Beekeeping was not part of the agriculture science curriculum at Hawkins High School – not until a single phone call led students in an unexpected direction.
In February 2019, agriculture science teacher and FFA advisor Matt Byrd received a call from a contact at the Nestle Waters North America plant asking if students could help relocate bees that had taken up residence in their Hawkins, Texas, bottled water facility.
Byrd sought out advice from a local beekeeper and agreed to build hives and install swarm catchers on-site. Nestle provided $5,000 to purchase a table saw, planer, joiner and other woodworking tools to ensure that students had the right equipment to construct the hives in their agriculture mechanics classes.
Once the hives were built, a team of four members from the Hawkins FFA Chapter – Jessica Henneous, Mackenzie Rutherford, Rachel Parish and Brooke Goddard – established an apiary on the 2,700-acre grounds at Nestle, hoping that the setup would encourage bees to vacate the plant and move into their new, more suitable homes. The plan worked.
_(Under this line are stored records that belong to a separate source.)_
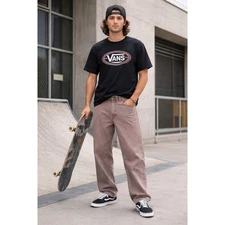 Vans Loose Fit Rustic Brown Jeans Men's 32x29 Wide Leg Baggy Skater Grunge Denim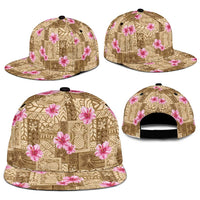 Beige Hawaii Hibiscus With Tropical Flowers Motifs Snapback Cap - Polynesian Pride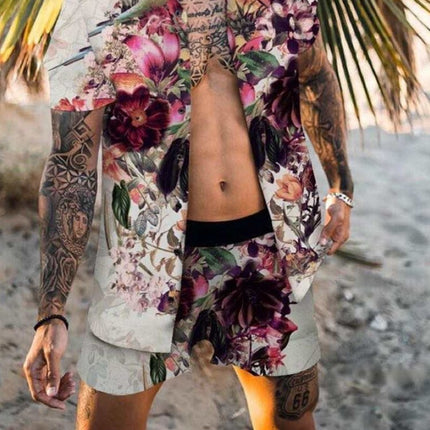 Wholesale Men's Summer Beach Casual Loose Short Shirt Sleeve Shorts Two Piece Set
The novice beekeepers accepted the ongoing responsibilities of caring for the colonies, including regular hive inspections and honey extractions. A local beekeeper taught students the basics of honeybee anatomy, pollination, colony behavior and honey production. Byrd had no trouble finding students willing to don bee suits and work with stinging insects.
“I signed up for the project because I was looking for a new challenge, and it sounded like a lot of fun,” Henneous says.
The first harvest yielded 50 pounds of honey, which was bottled and marketed under the name 4G Honey to represent the “four girls.” Revenues from honey sales will be used to establish a scholarship fund for the FFA beekeepers.
As the operation grows (the chapter plans to triple the number of hives in the apiary in 2020), the revenues from beekeeping could also be used to provide paid part-time jobs for the students. Rutherford admits that beekeeping is a lot of work and earning a paycheck would be a bonus, but, she adds, “When you’re having fun, it doesn’t feel like work.”
The Hawkins FFA Chapter entered its beehive in the Houston Livestock Agriculture Mechanics Show and beat students from 500 other schools to earn overall reserve champion.
The creative partnership between the Hawkins FFA Chapter and Nestle also has the multinational corporation buzzing about FFA.
“The global president of Nestle Waters is encouraging all of the Nestle facilities in the United States to reach out to their local schools to partner,” Byrd says. “The success of the project shows that FFA students are solving real-world problems.”
Word of the members’ success has spread across the country. NBC’s “Today” show visited the school on Friday, Dec. 6, to do a live nationally televised segment on the enterprise. During the broadcast, Nestle Waters presented the chapter with a $10,000 check for their efforts and each of the four female FFA members with $5,000 scholarships.